When real GDP = 0, the violent crime rate is 2.753e6. For every increase of one unit in “real GDP”, there is an associated decrease, on average, of 9.387e1 units of violent crime rate, all else held constant.

Hypothesis Test for Slope:

From all the 3 regression tables, we can see that the p-value for the slope of GDPBillions variable is almost zero. Thus, we can reject the null hypothesis which assumes population slope \({ \beta }_{ 1 }\) equals to 0. On the other hand, this suggests that there is a significant relationship between violent crime rate and real GDP. However, the p-value for the slope of UnemploymentRate is greater than the significant level (0.05) and thus we cannot reject the null hypothesis which assumes population slope \({ \beta }_{ 2 }\) equals to 0. Therefore, we can say that there is no meaningful relationship between violent crime rate and unemployment rate.

Confidence Interval:

Below is the 95% confidence interval for the population slope \({ \beta }_{ 1 }\) and \({ \beta }_{ 2 }\) in multivariate regression. At particular you notice that the confidence interval for the population slope \({ \beta }_{ 2 }\) contains 0 is equivalent to saying that there is no meaningful relationship between violent crime rate and unemployment rate which matches the conclusion from the hypothesis test.

# Confidence interval for real gdp and unemployment - multivari regression.
confint(crime.predict.lm, 'GDPBillions', level=0.95)
##                 2.5 %    97.5 %
## GDPBillions -108.4494 -80.74863
confint(crime.predict.lm, 'UnemploymentRate', level=0.95)
##                      2.5 %   97.5 %
## UnemploymentRate -16877.98 26530.78

Below is the 95% confidence interval for the population slope \({ \beta }_{ 1 }\) in single regression between violent crime rate and real GDP. It does not contain a very particular value: \({ \beta }_{ 1 }\) equals 0. So, it matches the conclusion from the hypothesis test which evidence suggests that there is a meaningful relationship between violent crime rate and real GDP.

# Confidence interval for real gdp - single regression.
confint(crimepredict.lm.gdp, 'GDPBillions', level=0.95)
##                 2.5 %    97.5 %
## GDPBillions -107.0676 -80.67857

Same thing happens here that confidence interval for the population slope \({ \beta }_{ 1 }\) contains 0 meaning that there is no relationship between violent crime rate and unemployment rate.

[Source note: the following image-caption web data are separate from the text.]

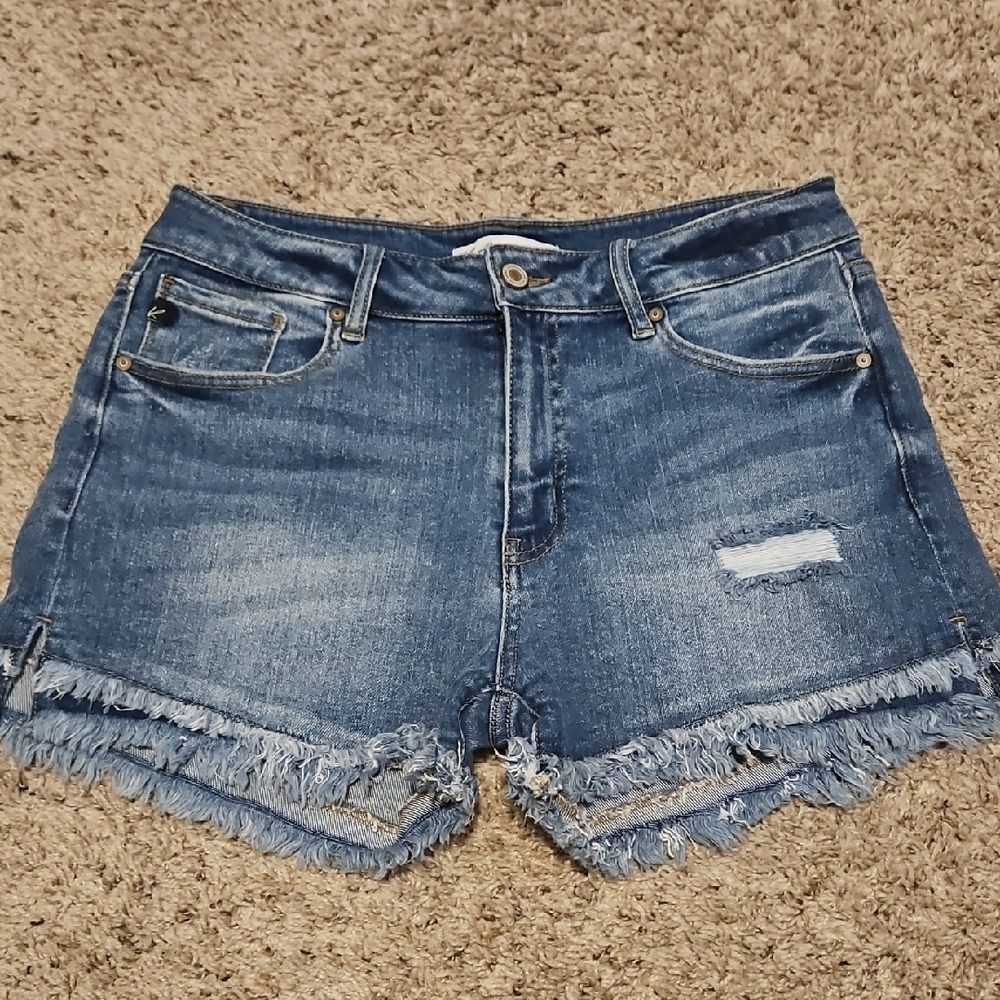 Denim Frayed Hem Women Shorts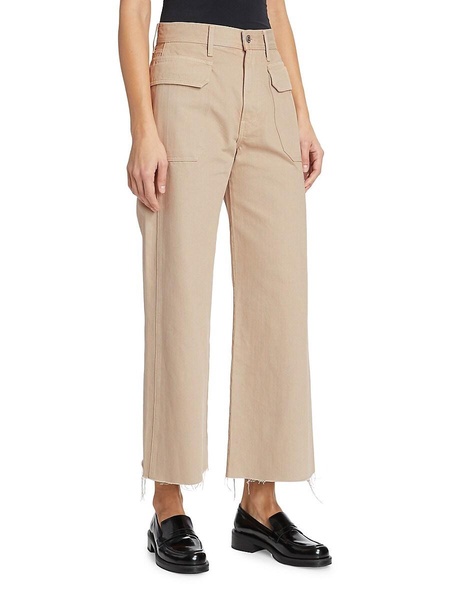 Taylor High-Rise Front-Pocket Cropped Wide-Leg Jeans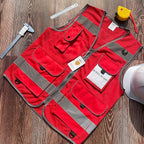 TCCFCCT Mesh Safety Vest for Men Women 9 Pockets High Visibility Reflective Vest for Safety, Work Vest with Reflective Strips, Meets ANSI/ISEA Standards, (Red, X-Large)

This matches the conclusion from the hypothesis test which no meaningful relationship between violent crime rate and unemployment rate.

# Confidence interval for unemployment - single regression.
confint(crimepredict.lm.emp, 'UnemploymentRate', level=0.95)
##                      2.5 %  97.5 %
## UnemploymentRate -95574.54 35346.2

Conditions for Inference for Regression

As for the state level, it does meet 3 out of the 4 conditions required for inference for regression. Below we will evaluate the 4 conditions at national level.

1.) Linearity of relationship between variables:

  • From the crime-real gdp scatter plot, we can clearly see that there is a strong negative linear relationship between violent crime and real GDP variables. Also, there is no any apparent pattern in the crime- realgdp residuals plot. You can see that the points in the residual plot are randomly dispersed around the horizontal dashed line at y = 0.

  • There is no linear relationship between violent crime and unemployment variables as the points do not form a line, but rather a 45 degree parabola curve between x and y axis. From the crime-unemployment residual plot, you can see that the points in the residuals plot are not randomly dispersed around the horizontal dashed line at y = 0, form a line instead, so it does not met the linearity condition.

2.) Independence of the residuals:

  • The obersevations for violent crime, real GDP, and unemployment variables are independent. For instance, the performance of previous year real GDP has no influence on the current year real GDP. It is same for the violent crime that people who committed a crime in last year has nothing to do with the current year violent crime rate.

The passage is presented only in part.